> _Provided data_:

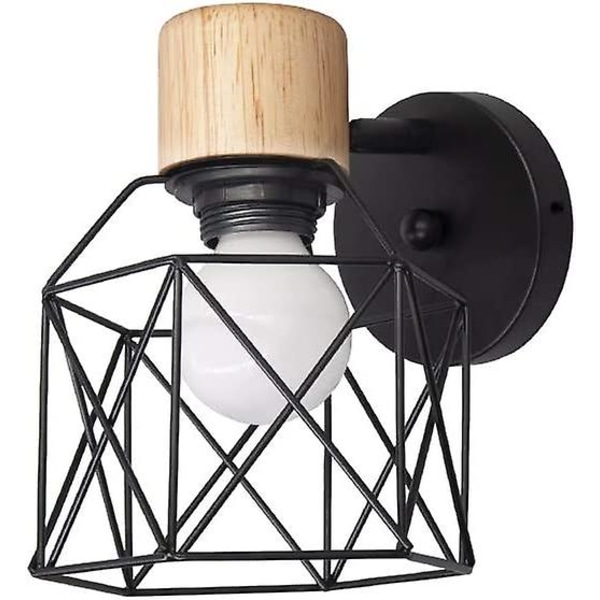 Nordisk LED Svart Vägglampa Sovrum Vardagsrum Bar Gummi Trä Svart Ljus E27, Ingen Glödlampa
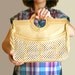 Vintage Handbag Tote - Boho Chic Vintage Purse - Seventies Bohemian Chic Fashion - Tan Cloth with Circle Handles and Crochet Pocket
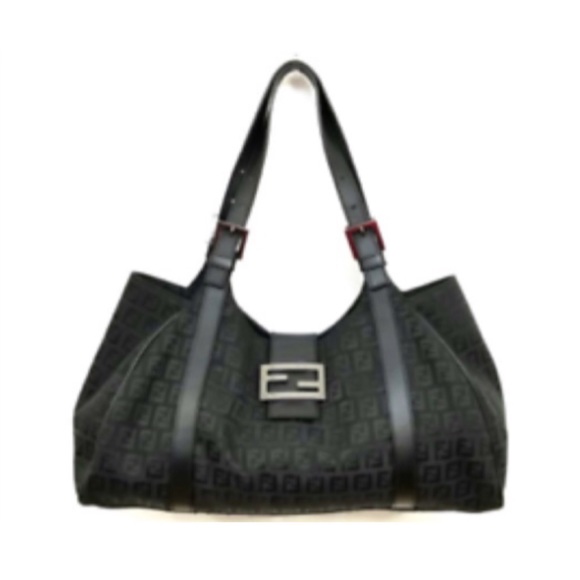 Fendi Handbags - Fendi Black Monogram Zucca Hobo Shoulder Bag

> _Task brief_: Omit the pictures, then copy out all the data exactly as it stands.

> _Response to the exercise_:
 Nordisk LED Svart Vägglampa Sovrum Vardagsrum Bar Gummi Trä Svart Ljus E27, Ingen Glödlampa
 Vintage Handbag Tote - Boho Chic Vintage Purse - Seventies Bohemian Chic Fashion - Tan Cloth with Circle Handles and Crochet Pocket
 Fendi Handbags - Fendi Black Monogram Zucca Hobo Shoulder Bag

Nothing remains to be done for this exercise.